> [TASK STATEMENT]:
Apart from the pictures, which must be omitted, restate the data exactly.

> [INFORMATION SHOWN]:
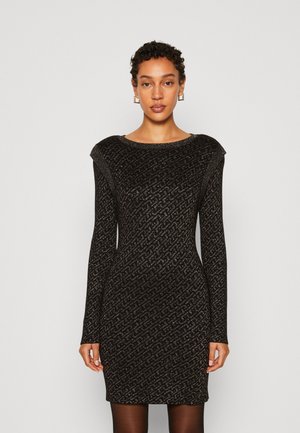 Abito lungo nero con maniche lunghe, con un motivo testurizzato, silhouette aderente e scollatura rotonda. Il tessuto presenta un leggero luccichio.
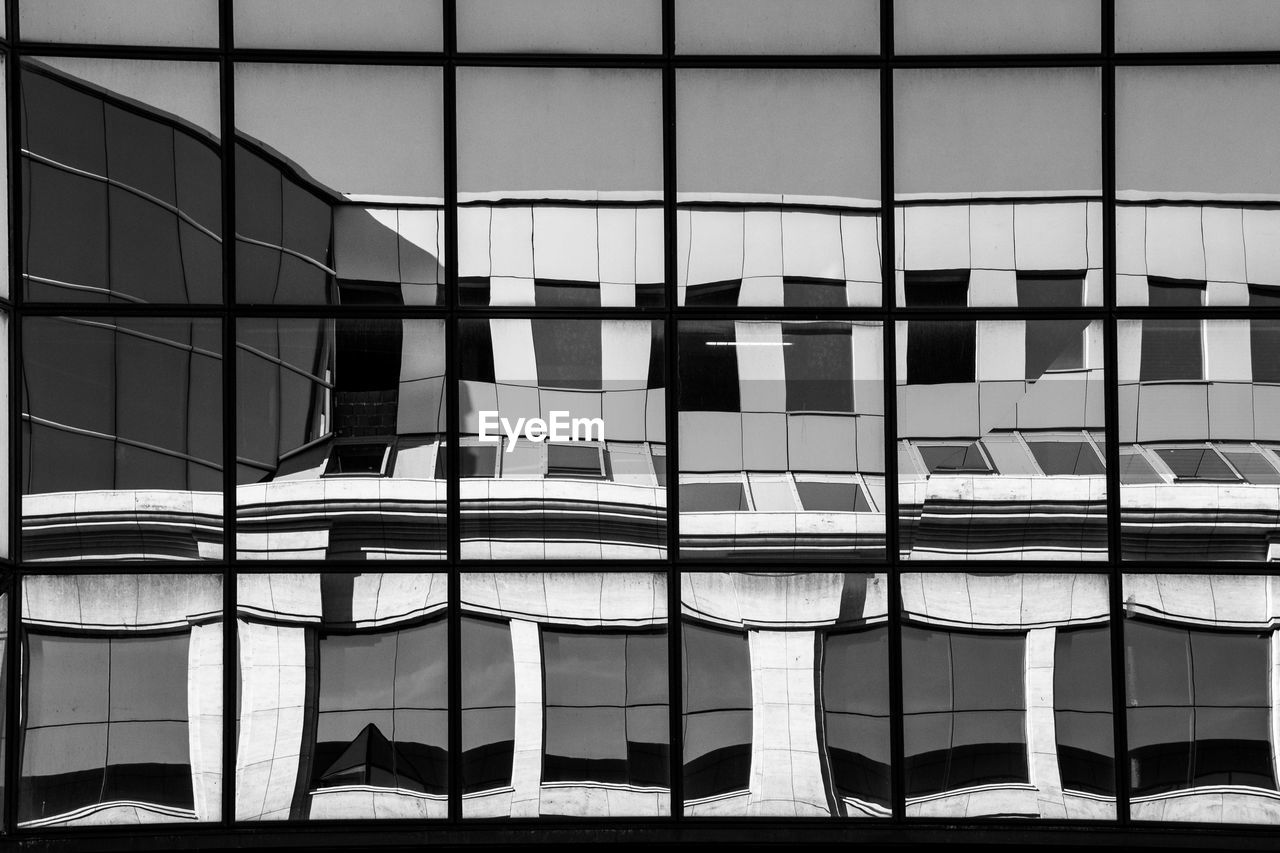 Full frame shot of modern building seen in a reflection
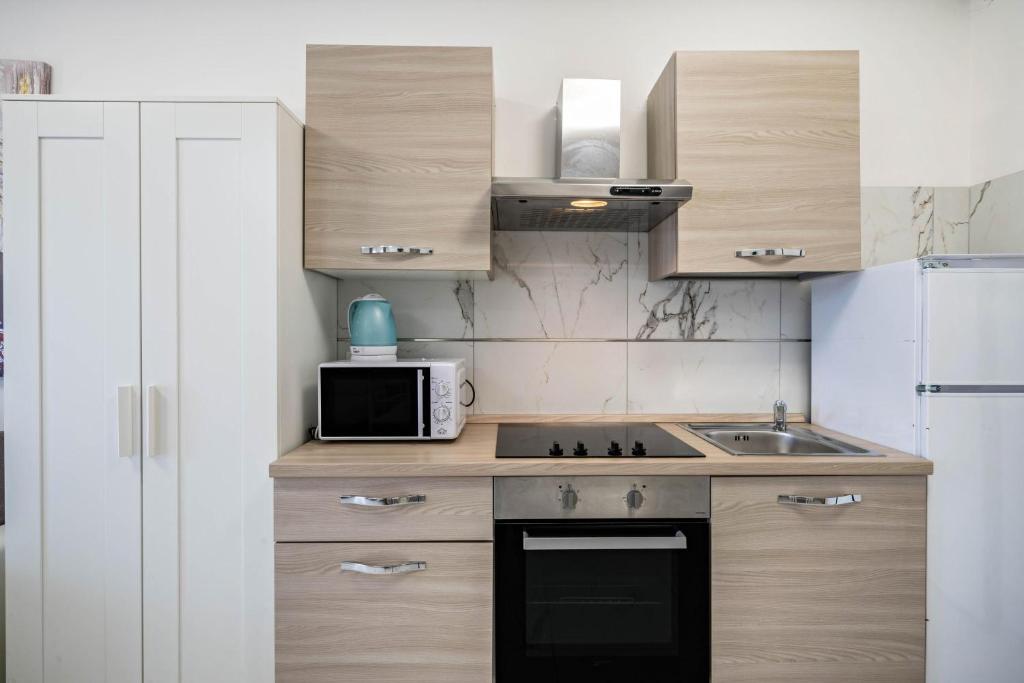 Kuchnia lub aneks kuchenny w obiekcie Planet Suite 303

> [ANSWER AREA]:
 Abito lungo nero con maniche lunghe, con un motivo testurizzato, silhouette aderente e scollatura rotonda. Il tessuto presenta un leggero luccichio.
 Full frame shot of modern building seen in a reflection
 Kuchnia lub aneks kuchenny w obiekcie Planet Suite 303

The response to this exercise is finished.